What the task requires »
Of the material below, the lines to be retyped are those from the line containing "R&B Embroidered A-Line Kurta, Rust" through the line containing "Set of static", inclusive; reproduce them exactly.

--- START ---

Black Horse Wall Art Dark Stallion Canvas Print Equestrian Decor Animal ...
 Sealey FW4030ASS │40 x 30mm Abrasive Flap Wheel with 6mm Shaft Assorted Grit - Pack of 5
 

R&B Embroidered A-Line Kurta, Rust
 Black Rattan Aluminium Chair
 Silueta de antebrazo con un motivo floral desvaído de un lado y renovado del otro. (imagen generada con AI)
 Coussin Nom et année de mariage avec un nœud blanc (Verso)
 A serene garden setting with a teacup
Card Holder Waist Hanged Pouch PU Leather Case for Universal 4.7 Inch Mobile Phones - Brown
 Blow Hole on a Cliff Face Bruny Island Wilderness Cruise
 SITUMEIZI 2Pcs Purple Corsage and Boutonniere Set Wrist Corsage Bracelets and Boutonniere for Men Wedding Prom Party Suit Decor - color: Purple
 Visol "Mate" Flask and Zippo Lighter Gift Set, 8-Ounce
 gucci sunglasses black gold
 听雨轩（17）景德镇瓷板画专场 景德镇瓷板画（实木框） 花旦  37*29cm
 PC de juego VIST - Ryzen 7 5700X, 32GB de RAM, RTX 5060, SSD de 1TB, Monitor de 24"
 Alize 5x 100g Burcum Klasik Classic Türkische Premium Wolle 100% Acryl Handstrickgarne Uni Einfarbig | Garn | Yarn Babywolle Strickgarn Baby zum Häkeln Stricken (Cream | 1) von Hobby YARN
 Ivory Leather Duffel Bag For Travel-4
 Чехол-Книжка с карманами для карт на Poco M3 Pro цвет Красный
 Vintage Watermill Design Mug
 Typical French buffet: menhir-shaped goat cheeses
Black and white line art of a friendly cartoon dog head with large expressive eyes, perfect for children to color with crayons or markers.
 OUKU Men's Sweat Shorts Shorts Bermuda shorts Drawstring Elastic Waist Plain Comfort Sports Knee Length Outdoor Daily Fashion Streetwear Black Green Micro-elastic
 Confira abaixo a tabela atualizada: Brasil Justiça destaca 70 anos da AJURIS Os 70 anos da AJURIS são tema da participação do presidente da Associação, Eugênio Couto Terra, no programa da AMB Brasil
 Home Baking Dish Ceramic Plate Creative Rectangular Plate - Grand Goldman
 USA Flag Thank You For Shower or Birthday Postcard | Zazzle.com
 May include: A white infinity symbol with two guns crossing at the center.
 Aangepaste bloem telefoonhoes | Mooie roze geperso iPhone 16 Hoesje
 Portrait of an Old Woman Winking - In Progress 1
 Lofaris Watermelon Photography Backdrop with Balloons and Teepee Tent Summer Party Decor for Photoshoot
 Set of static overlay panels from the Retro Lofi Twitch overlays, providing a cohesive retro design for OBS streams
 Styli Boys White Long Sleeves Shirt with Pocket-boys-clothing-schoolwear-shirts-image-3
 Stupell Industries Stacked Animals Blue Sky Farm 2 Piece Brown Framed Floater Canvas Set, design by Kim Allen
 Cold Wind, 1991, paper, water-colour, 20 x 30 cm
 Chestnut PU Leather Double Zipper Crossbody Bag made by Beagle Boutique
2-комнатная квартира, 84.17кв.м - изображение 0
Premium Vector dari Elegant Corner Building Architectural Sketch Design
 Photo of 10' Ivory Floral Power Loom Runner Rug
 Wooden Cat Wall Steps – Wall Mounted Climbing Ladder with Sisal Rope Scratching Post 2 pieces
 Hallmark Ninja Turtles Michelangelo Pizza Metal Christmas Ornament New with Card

--- END ---

Exercise response »
R&B Embroidered A-Line Kurta, Rust
 Black Rattan Aluminium Chair
 Silueta de antebrazo con un motivo floral desvaído de un lado y renovado del otro. (imagen generada con AI)
 Coussin Nom et année de mariage avec un nœud blanc (Verso)
 A serene garden setting with a teacup
Card Holder Waist Hanged Pouch PU Leather Case for Universal 4.7 Inch Mobile Phones - Brown
 Blow Hole on a Cliff Face Bruny Island Wilderness Cruise
 SITUMEIZI 2Pcs Purple Corsage and Boutonniere Set Wrist Corsage Bracelets and Boutonniere for Men Wedding Prom Party Suit Decor - color: Purple
 Visol "Mate" Flask and Zippo Lighter Gift Set, 8-Ounce
 gucci sunglasses black gold
 听雨轩（17）景德镇瓷板画专场 景德镇瓷板画（实木框） 花旦  37*29cm
 PC de juego VIST - Ryzen 7 5700X, 32GB de RAM, RTX 5060, SSD de 1TB, Monitor de 24"
 Alize 5x 100g Burcum Klasik Classic Türkische Premium Wolle 100% Acryl Handstrickgarne Uni Einfarbig | Garn | Yarn Babywolle Strickgarn Baby zum Häkeln Stricken (Cream | 1) von Hobby YARN
 Ivory Leather Duffel Bag For Travel-4
 Чехол-Книжка с карманами для карт на Poco M3 Pro цвет Красный
 Vintage Watermill Design Mug
 Typical French buffet: menhir-shaped goat cheeses
Black and white line art of a friendly cartoon dog head with large expressive eyes, perfect for children to color with crayons or markers.
 OUKU Men's Sweat Shorts Shorts Bermuda shorts Drawstring Elastic Waist Plain Comfort Sports Knee Length Outdoor Daily Fashion Streetwear Black Green Micro-elastic
 Confira abaixo a tabela atualizada: Brasil Justiça destaca 70 anos da AJURIS Os 70 anos da AJURIS são tema da participação do presidente da Associação, Eugênio Couto Terra, no programa da AMB Brasil
 Home Baking Dish Ceramic Plate Creative Rectangular Plate - Grand Goldman
 USA Flag Thank You For Shower or Birthday Postcard | Zazzle.com
 May include: A white infinity symbol with two guns crossing at the center.
 Aangepaste bloem telefoonhoes | Mooie roze geperso iPhone 16 Hoesje
 Portrait of an Old Woman Winking - In Progress 1
 Lofaris Watermelon Photography Backdrop with Balloons and Teepee Tent Summer Party Decor for Photoshoot
 Set of static overlay panels from the Retro Lofi Twitch overlays, providing a cohesive retro design for OBS streams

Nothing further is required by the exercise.